ERIN L. SETSER, Magistrate Judge.

Currently before the undersigned is the Defendant's pro se Motion for Modification or Reduction of Sentence (Doc. 21). The undersigned, being well and sufficiently advised, finds and recommends as follows:

Defendant pled guilty to the distribution of methamphetamine, and was sentenced on July

20, 2012, to 110 months imprisonment, a $7,500 fine, a special assessment of $100, and three years of supervised release. Defendant brings the instant motion pursuant to 18 U.S.C. § 3582(c)(2), which authorizes a sentence reduction under certain circumstances when a sentencing range has been subsequently lowered by the Sentencing Commission. Defendant seeks "a reduction of her term of imprisonment as a result of an intervening, post-sentencing change of the United States Sentencing Guidelines ..., which included ... Amendment 12, Criminal History." (Doc. 21 at pg. 2.) Defendant asserted this same argument in a previously filed motion for modification or reduction of her sentence (Doc. 19). As stated in the order denying that motion (Doc. 20), Amendment 12 was in effect at the time of Defendant's sentencing, and thus, there has been no intervening Guideline change that would warrant relief under § 3582(c)(2). See United States v. Guiterrez-Espinoza, 2013 WL 1767696 (E.D. Ark. April 24, 2013) (Amendment 12, which addresses the computation of criminal history scores in the counting of multiple prior sentences and the counting of certain misdemeanor or petty offenses, became effective November 1, 2007; as it was in effect at the time the defendant was sentenced, defendant was not entitled to relief under § 3582(c)(2)).

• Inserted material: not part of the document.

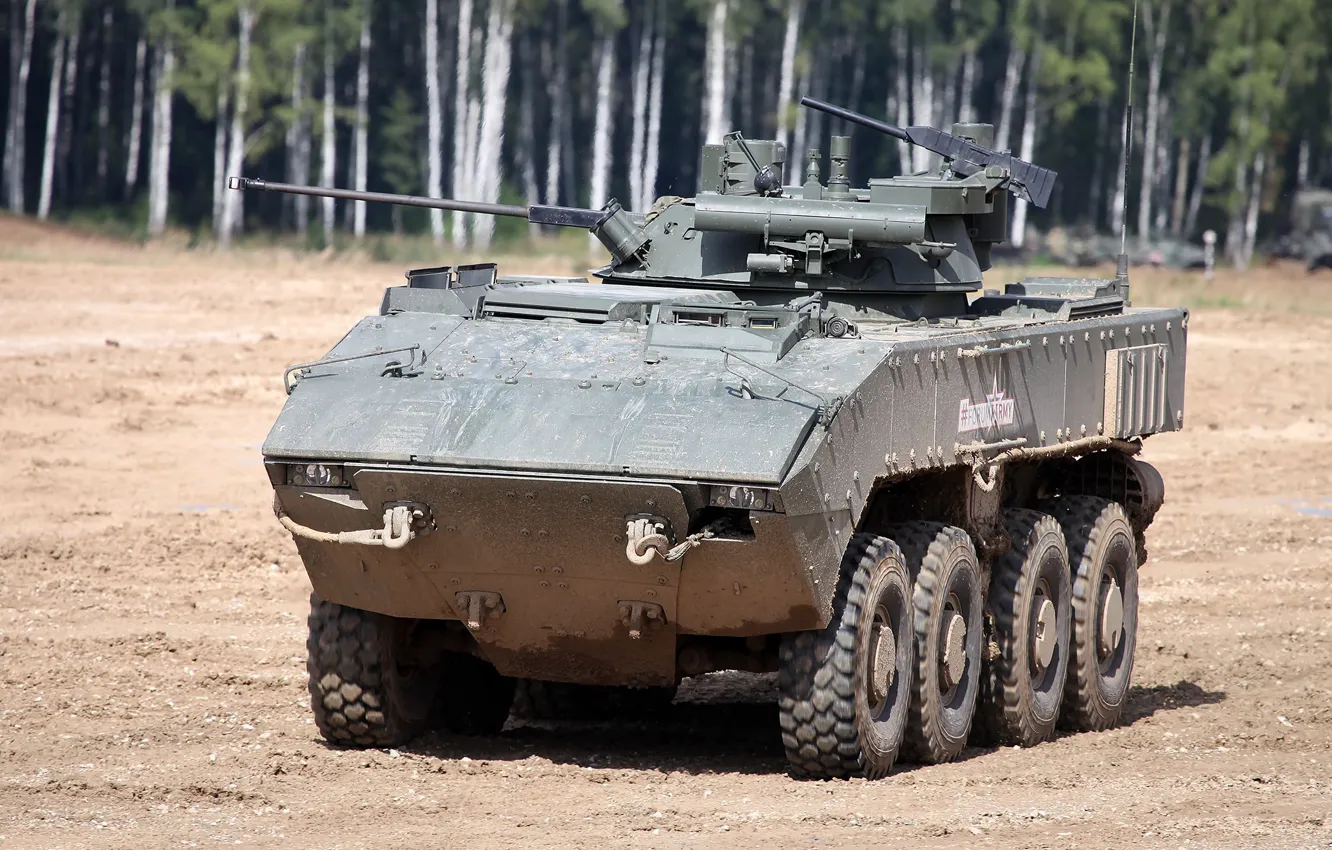 Photo wallpaper Boomerang, on the platform 7829 "boomerang", manned combat unit Б05Я01 Berezhok, Wheeled infantry fighting vehicle, …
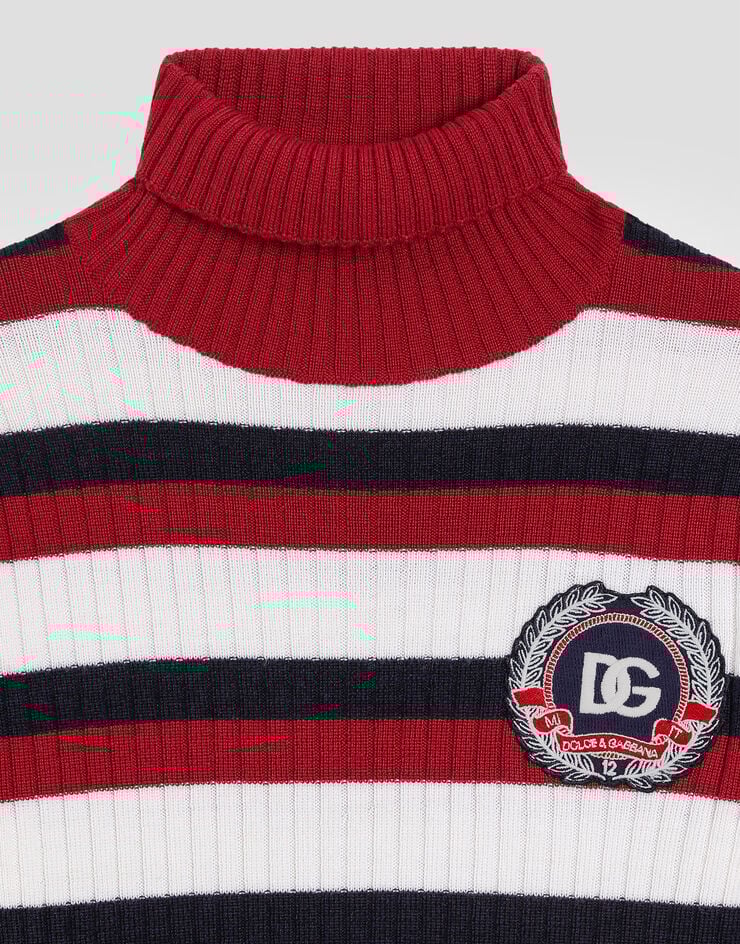 Dolce & Gabbana Wool turtleneck sweater with patch Multicolor L5KWMAJDVCD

Defendant also asserts that "in resentencing" the Defendant, the Court should "apply the Guidelines as advisory" pursuant to the Supreme Court's decision in United States v. Booker, 543 U.S. 220 (2005). As Defendant is not entitled to be resentenced, this argument is without merit. Further, Booker does not apply retroactively. See United States v. Brown, 604 F.3d 1044, 1046-57 (8th Cir. 2010); Ausler v. United States, 545 F.3d 1101, 1105 (8th Cir. 2008).

Based upon the foregoing, the undersigned finds that the Defendant's Motion (Doc. 21) is without merit and recommends that it be DENIED.

The parties have fourteen days from receipt of our report and recommendation in which to file written objections pursuant to 28 U.S.C. 636(b)(1). The failure to file timely objections may result in waiver of the right to appeal questions of fact. The parties are reminded that objections must be both timely and specific to trigger de novo review by the district court.